Prescription drugs are used routinely in concert with invasive procedures. These medicines can relieve heart pain, reduce muscle injury, and increase the change of survival. Medications used to treat or prevent heart attack include:
- ACE inhibitors to decrease blood pressure and ease the heart’s workload
- Aspirin to thin blood and reduce the risk of blood clots
- Beta-blockers to lower blood pressure and slow the heart down, decreasing its need for oxygen
- Calcium channel blockers to blood pressure and relax arteries to increase blood flow
- Nitroglycerin to relieve chest pain and improve the flow of blood to the heart
- Heparin to thin the blood in order to prevent further blood clot formation
- Morphine and other pain medication
- Oxygen therapy to help keep heart muscle as oxygenated as possible
- Fibrinolytic therapy to intravenously deliver medication to the heart than can dissolve a blood clot
- Antithrombin/antiplatelet therapy to keep blood from clotting further
- Statins and other medications used to lower blood fat and cholesterol levels
- Coronary angioplasty involves inserting a catheter in the groin artery and threading it to the affected area of the coronary artery. A balloon is inserted through the catheter, then inflated to reopen the artery.

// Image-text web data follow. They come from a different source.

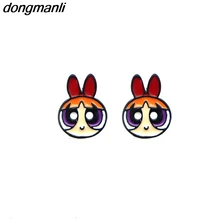 WS1053 милый Powerpuff девушки цветок пузыри бабочки Характер девушка серьги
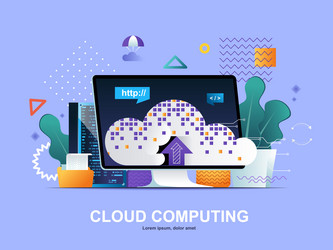 cloud computing flat concept with gradients vector image
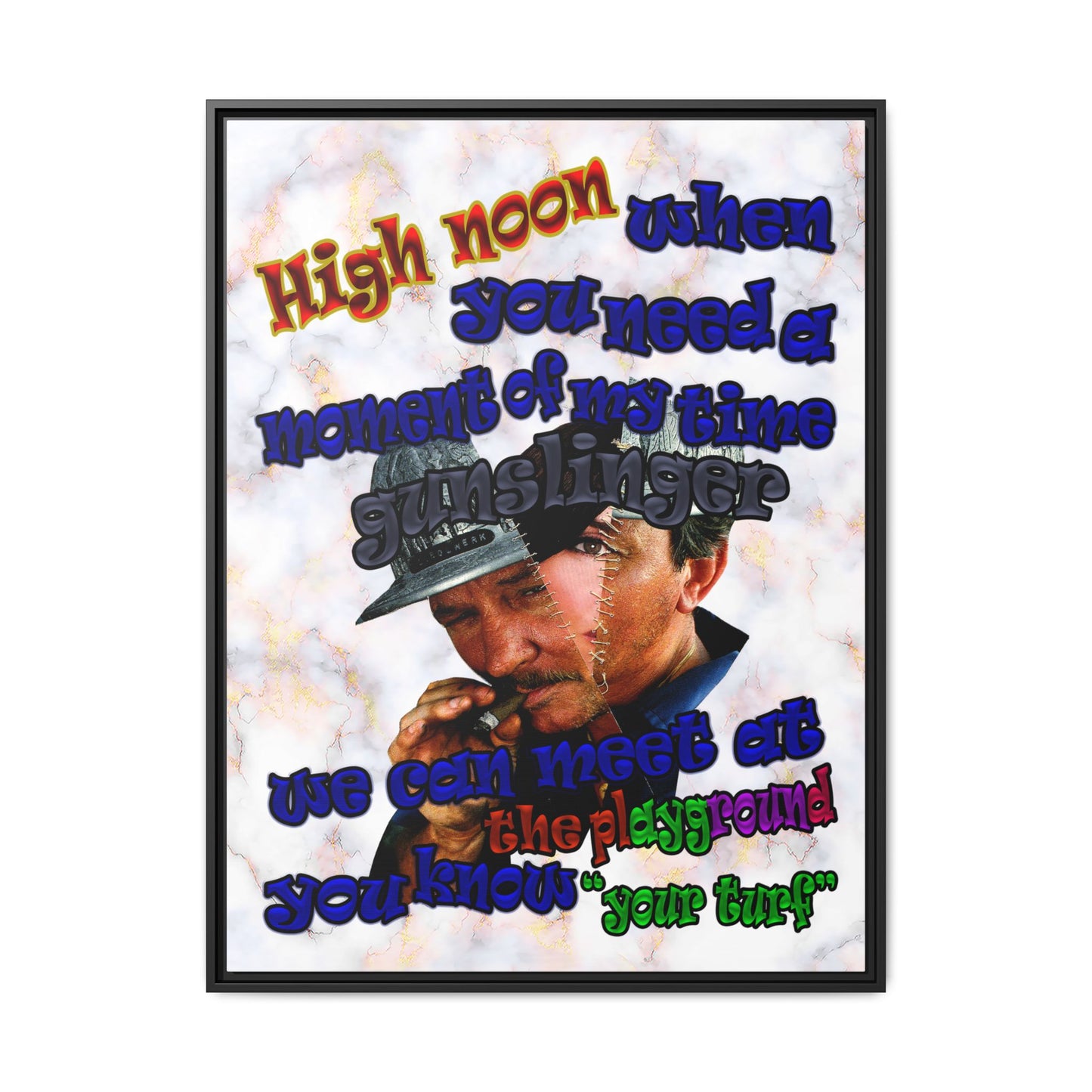 high noon - framed canvas art (white marble)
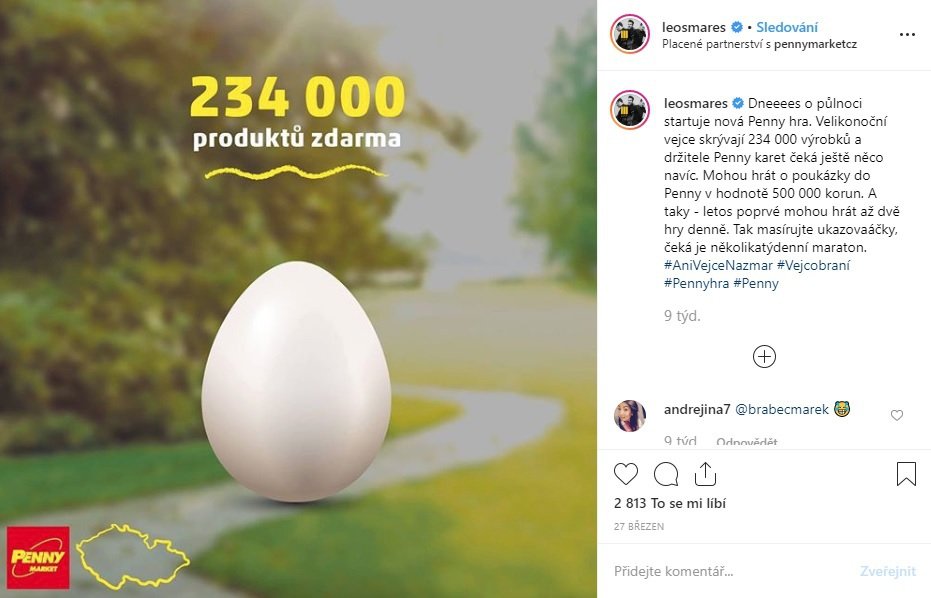 Reklama na instagramu Leoše Mareše je správně označená nahoře, chybí ovšem jasnější zmínka v textu, kterou podle Karlovy univerzity musí influenceři také uvádět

- Coronary artery stent, a small piece of expandable mesh coil, is inserted in an arterial wall to reinforce it and keep it from narrowing again following a coronary angioplasty.
- Atherectomy uses specially designed equipment inserted through the catheter to shave or scrape plaque off the artery wall
- Laser angioplasty uses a laser to dissolve an arterial blockage.
Coronary artery bypass surgery uses pieces of blood vessel harvested from other parts of the body (usually the leg, wrist, or chest) to create a “detour” around the blocked portion of the artery. The harvested blood vessel is grafted to the affected artery on either side of the blockage. Blood is then able to bypass the blockage through this graft.